Papa Leone XIII ha lanciato domenica un appello urgente per la fine dei bombardamenti in Medio Oriente, esortando le parti coinvolte nel conflitto a dare priorità al dialogo di fronte all'escalation di violenza. Il pontefice ha affermato che continuano a emergere notizie "profondamente inquietanti" dall'Iran e da tutta la regione.
In un messaggio trasmesso dal Vaticano, il primo papa americano ha espresso la sua preoccupazione per l'escalation dei combattimenti, mentre l'offensiva israelo-americana contro l'Iran entra nel suo nono giorno. Ha avvertito che il protrarsi delle ostilità rischia di alimentare ulteriormente paura e odio.
Il pontefice ha anche espresso preoccupazione per il fatto che la guerra possa estendersi ad altri Paesi del Medio Oriente.
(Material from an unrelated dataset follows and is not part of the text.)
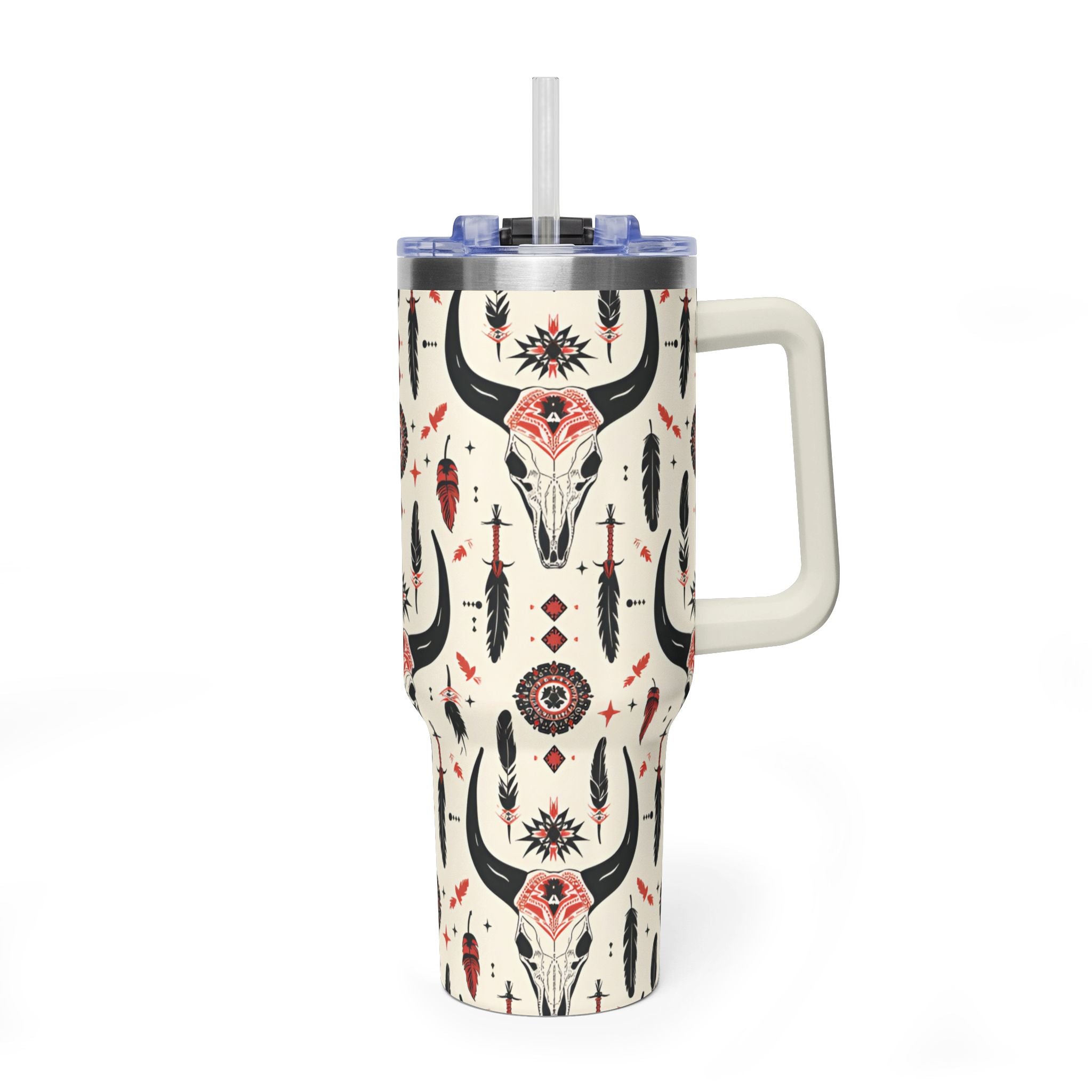 A handleless tumbler with a straw, decorated with a southwestern pattern featuring a central bull skull, feathers, and geometric designs on a cream background.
Ha affermato che le attuali dinamiche del conflitto potrebbero portare a una più ampia destabilizzazione della regione se non verranno intraprese rapidamente iniziative diplomatiche.
Papa Leone XIII invitò i leader politici a raddoppiare gli sforzi per aprire canali di discussione e promuovere una soluzione negoziata. Sottolineò che solo un approccio basato sul dialogo e sulla diplomazia avrebbe potuto impedire un'escalation incontrollabile.
Il suo intervento avviene mentre le tensioni militari tra Iran, Stati Uniti e Israele continuano ad aumentare, con attacchi e rappresaglie che stanno colpendo diversi paesi della regione.
Fin dall'inizio del conflitto, anche diversi leader religiosi e organizzazioni internazionali hanno espresso la loro preoccupazione, mettendo in guardia dalle conseguenze umanitarie e politiche di una guerra prolungata in Medio Oriente.